One thing I've learned looking back is that many times what I thought was important at the time turned out to be unimportant; and what I thought was merely another hum-drum choice turned out to be life-changing. Often, you can't even pin-point the choice: it was just another more or less reasonable response to the situation you faced.
For example, choosing a car seems shatteringly important at the time: it has to be the right make, the right model, and not too much of a second choice compared to what you really, really wanted but couldn't afford. But in the end, it's just a box that takes you from here to there.
Our decision to move from Alberta to Ontario to take a one-year contract at a university didn't seem very serious at the time.
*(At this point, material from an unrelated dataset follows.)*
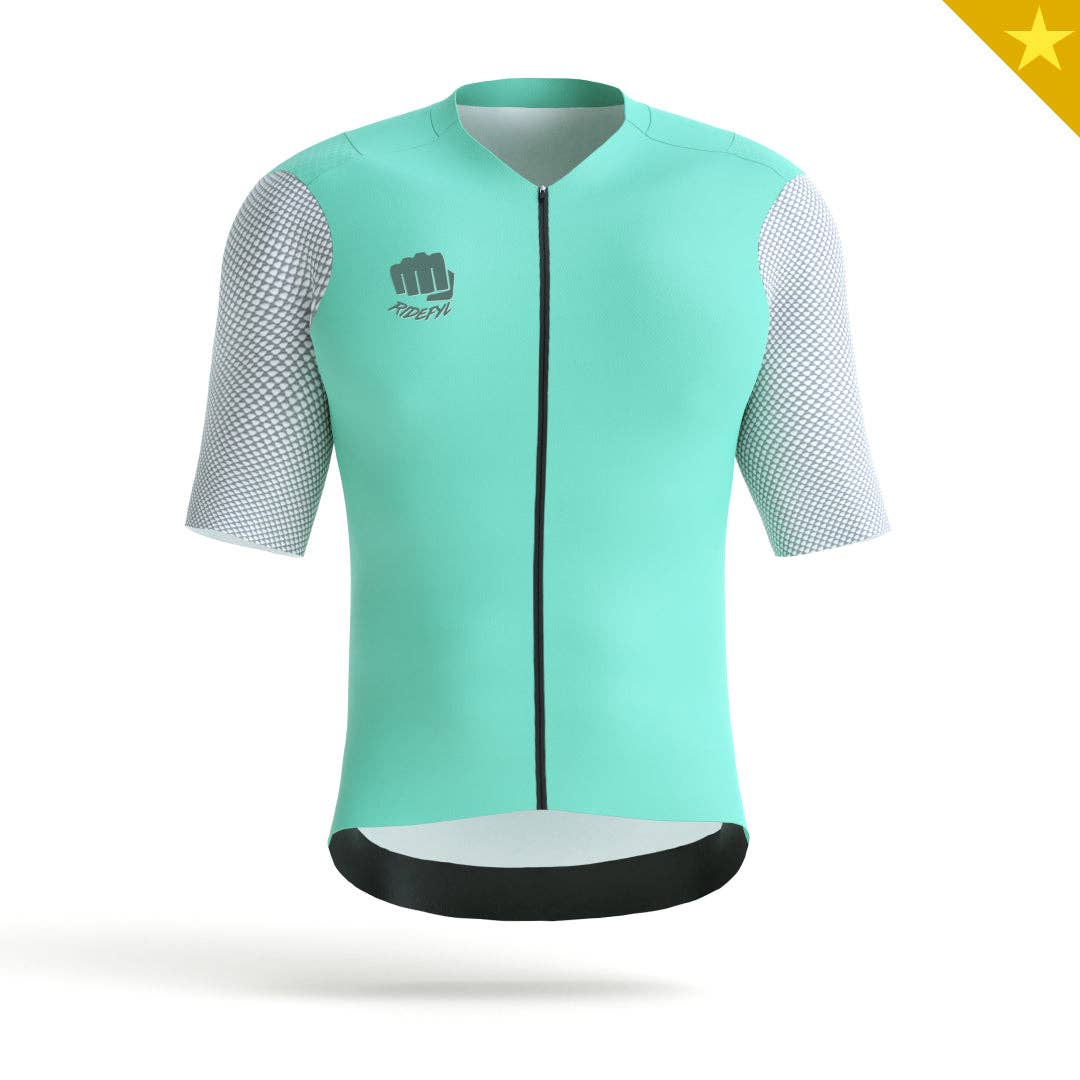 Ridefyl - Wholesale Athletic Top - Men's - Cycling jersey - Mahora Mint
We could always do something else in a year or two. I needed a job, and this was the one that came up. When it was done, I could have gone to post-grad school for a Ph. D., but I took a job as a highschool teacher, because I was tired of being a poor student, our children were growing up, and I knew I could teach. I planned to teach for three or four years, saving my pennies, and then pursue that Ph. D. But teaching high school English became my career. Despite its many frustrations, it was very satisfying.
Most satisfying was meeting former students, often years later, and finding out what a good life they had made for themselves. Some of them told me of something I'd said in class that changed their life, because it made them see things from a different angle, or confirmed something they knew about themselves. I was always surprised at what they remembered: Often, I couldn't recall it at all. It was just a throwaway line uttered as part of a larger, oh-so-important point I was making about Life, Literature, and the Universe.
Once at the mall in the nearby city, I met a youngish man who'd been in my class some 20 years earlier. My former student had a good job at the mill, was married, and happy with his life. He was carrying a paperback book. I remembered him as surly at having to read all that junk he didn't like, at having to read at all. But he had become an avid reader of history and historical fiction. "You said that when we would find out what we liked, we would start reading," he said. Did I? I probably did. It's a teacherly thing to say. I couldn't recall. But I think for this man this remark confirmed something about himself, his love of the past.
Some years ago, our priest asked if I would become a lay reader, as he had two points, and wanted someone to read Morning Prayer while he presided at the Eucharist at the other parish. I agreed, he said I should preach a sermon, too. OK, why not?
And so I embarked on a journey that has led me from a fairly conventional mix of Lutheran and Anglican belief to the insight that God, however you imagine him/her/it, dwells within us. All religions teach this. How you express this insight doesn't matter. What matters is that it has meaning for you. We become more fully human to the extent that we recognise the Spirit in ourselves and in each other. And because we are all, as the phrase goes, vessels of the Holy Spirit, it is utterly evil to do any kind of violence to another human being.